Uproar over India mosque report



The findings of an inquiry into the controversial destruction of a mosque by Hindu mobs that triggered bloody religious riots in the early 1990s has been tabled in the Indian parliament amid noisy disruptions from opposition members.
The cabinet approved the report in an emergency meeting earlier on Tuesday morning, India's NDTV reported, a day after the so-called Liberhan report was apparently leaked to a national newspaper.
The story, which appeared in the Indian Express newspaper, alleged the report "indicted" leaders from the Bharatiya Janata Party (BJP), prompting angry scenes by party members in parliament on Monday and causing the house to adjourn.
P Chidambaram, the interior minister, tabled the 900-page report in both houses of parliament - Lok Sabha and Rajya Sabha - amid unruly scenes.


Leaders indicted
The report indicts 68 people for the demolition of the mosque - mostly leaders from the BJP and a few bureaucrats.
Among those named are AB Vajpayee, the former BJP prime minister, and LK Advani, the party's current leader in parliament.
The 1992 destruction of the Babri mosque in the Hindu pilgrimage town of Ayodhya in northern Uttar Pradesh state sparked some of the worst Hindu-Muslim violence since the partition of the Indian sub-continent.
More than 2,000 people, mostly Muslims, were killed.


'Communal tension'
Rani Singh, a London-based South Asia analyst, said the report was sensitive because of India's religious make-up.
"Communal tension is simmering below the surface in India," she told Al Jazeera.

"Although with a Hindu majority population, there are Muslims, Jews, Christians and Sikhs and other religions all living perfectly happily side-by-side.

"But the Ayodhya massacre in 1992 is a terrible scar on India's history that hasn't really healed."
She said the BJP had tried hard to distance itself from the destruction of the mosque and the subsequent killings.
"The BJP has wanted to kind of neutralise its tone a bit and wants to get away from any the whole idea that it planned - or was behind, shall we say - the massacre and the destruction of the mosque in 1992," she told Al Jazeera.
"Having said that, LK Advani does say that his long-cherished dream is to have a Hindu temple erected on that site."


'Strong objection'
In the 1990s, Advani travelled across India to draw support for his campaign to install a temple on the site of the Babri mosque.
Following the report in the Indian Express, Advani accused India's ruling Congress party of deliberately leaking the inquiry's conclusions to the press and protested his innocence.
"I take strong objection as to how the government has suddenly leaked the report," he told parliament, describing the mosque's destruction as "the saddest moment of my life".

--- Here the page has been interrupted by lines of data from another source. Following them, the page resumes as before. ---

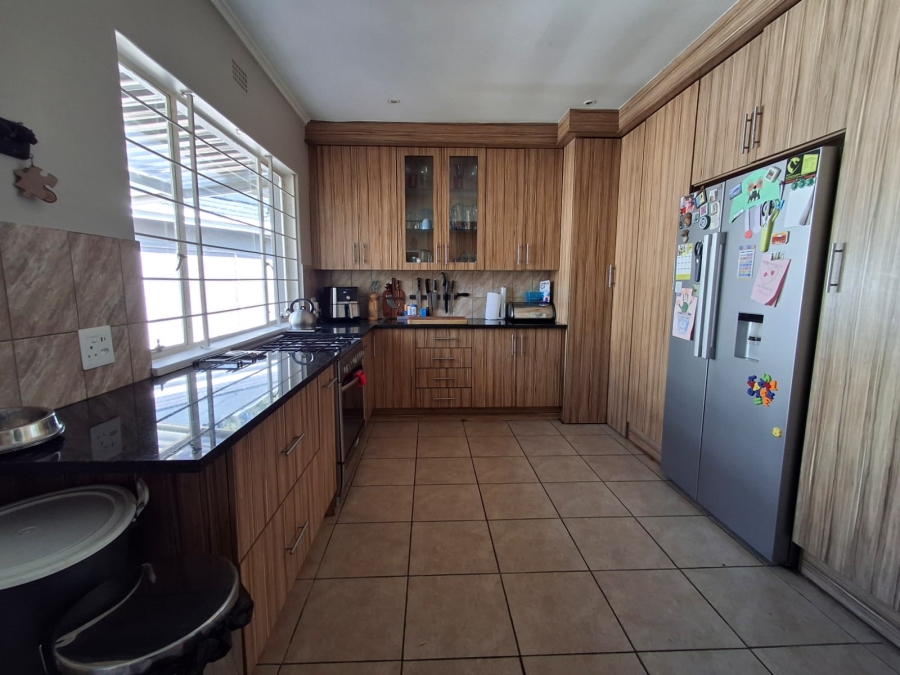 3 Bedroom Property for Sale in Croydon Gauteng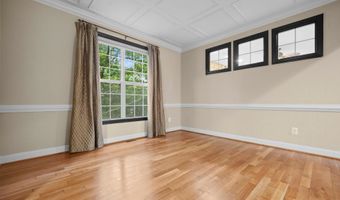 43032 LA RIVA Dr, Ashburn, VA 20148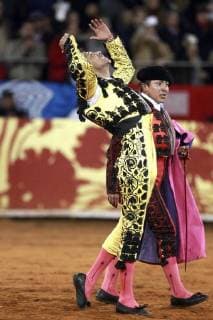 Sergio Flores charity bullfighting in aid of the earthquake victims in the bullring La Monumental Mexico City 13 12 2017 Sergio Flores  Foto:xDyDxFotografosx xFuturexImage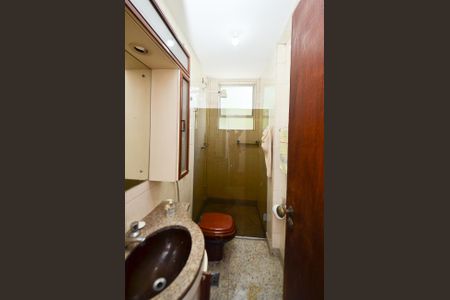 Apartamento à venda com 120m², 4 quartos e 2 vagas Apartamento à venda com 120m², 4 quartos e 2 vagasBanheiro social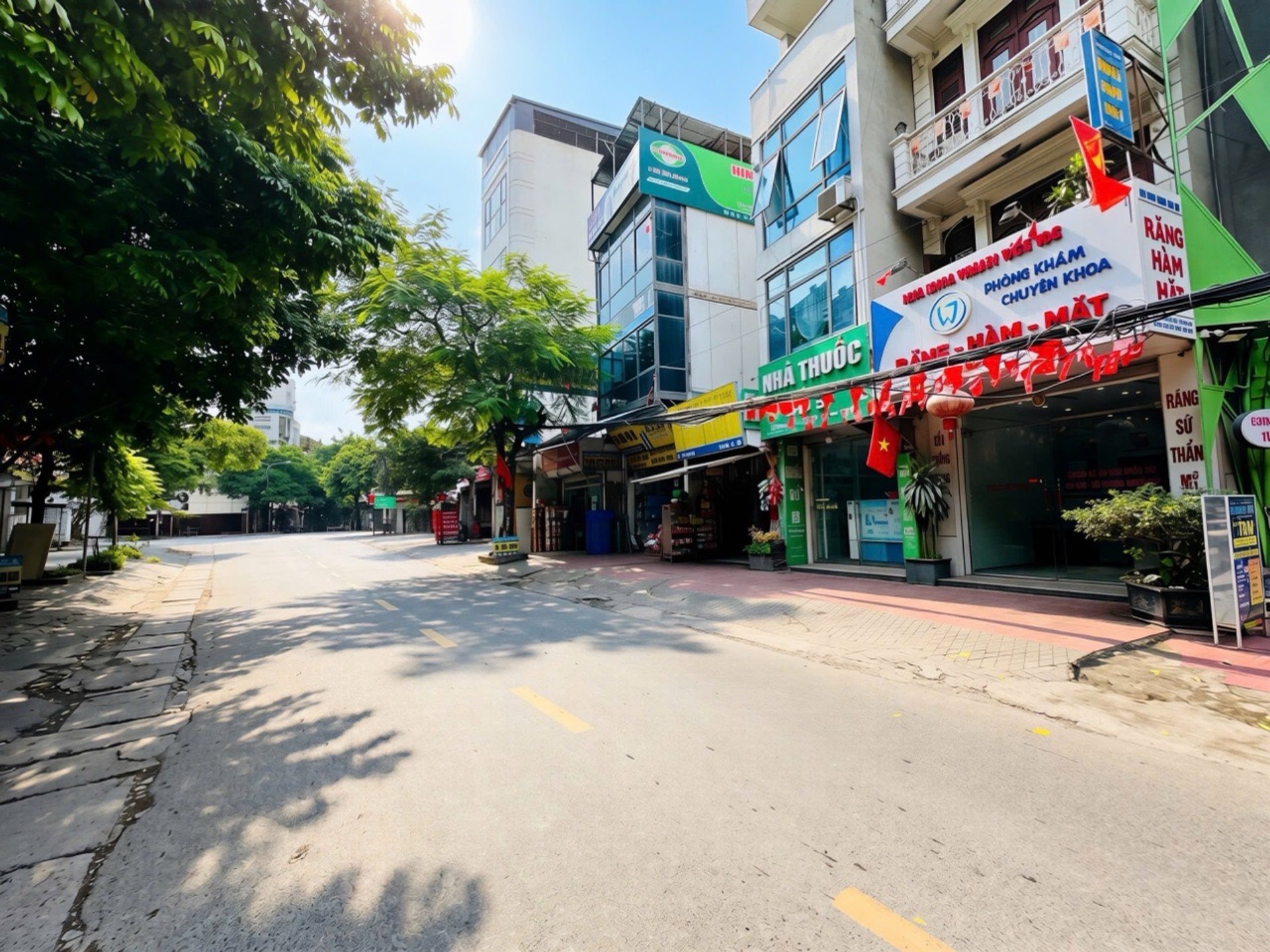 Cơ hội hiếm có: Nhà mặt phố Phú Diễn, kinh doanh sầm uất, giá tốt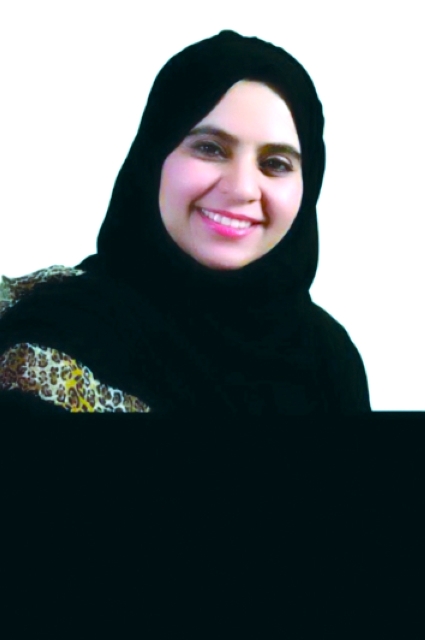 "سامية كتيت: تدريب 40 ألف موظف بحلول عام 2020"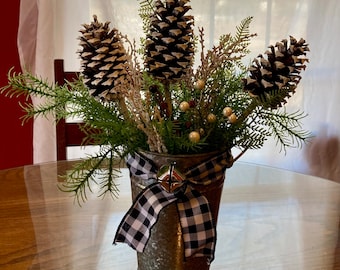 素朴なクリスマスのセンターピース、クリスマスの松ぼっくりのセンターピース、冬のセンターピース、農家のテーブル装飾、農家のクリスマスのセンターピース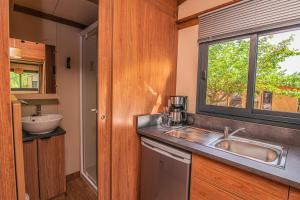 Kuchyň nebo kuchyňský kout v ubytování Camping Onlycamp Les Tuillères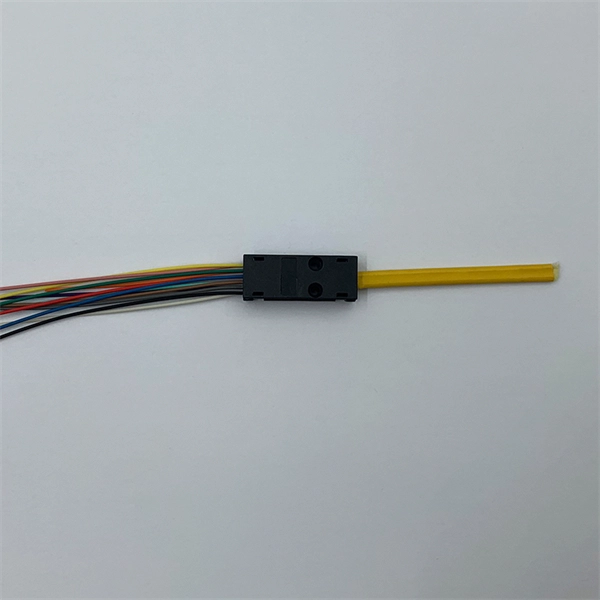 Cable protection measures at cable tray corners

Chidambaram denied the report had been leaked to the press.
But Tarun Vijay, the editor of BJP's official newspaper in New Delhi, said the Congress party appeared to be using the report to create a divide between the country's Hindus and Muslims.
"I think the report very unfortunately comes at a time when the country was going to remember and resolve to fight against terrorism in the wake of the 26/11 attack on Mumbai," he told Al Jazeera, referring to last year's deadly attacks in the Indian commercial capital.
"Perhaps the Congress is again planning to invoke a situation that creates a schism and a conflicting situation between the Hindus and Muslims that has always been a hallmark of the Congress politics.
"It wants Hindus and Muslims again divided on a very, very extreme position so that it can reap the full consequences of it .. to keep Congress in power in the next election."
Devout Hindus believe the Babri mosque was built on the ruins of a temple marking the birthplace of the Hindu warrior Lord Ram.
The report, authored by Justice Manmohan Singh Liberhan, had been due to come before parliament in December, but the uproar over the paper's allegations prompted the cabinet to bring forward the date, Indian media said.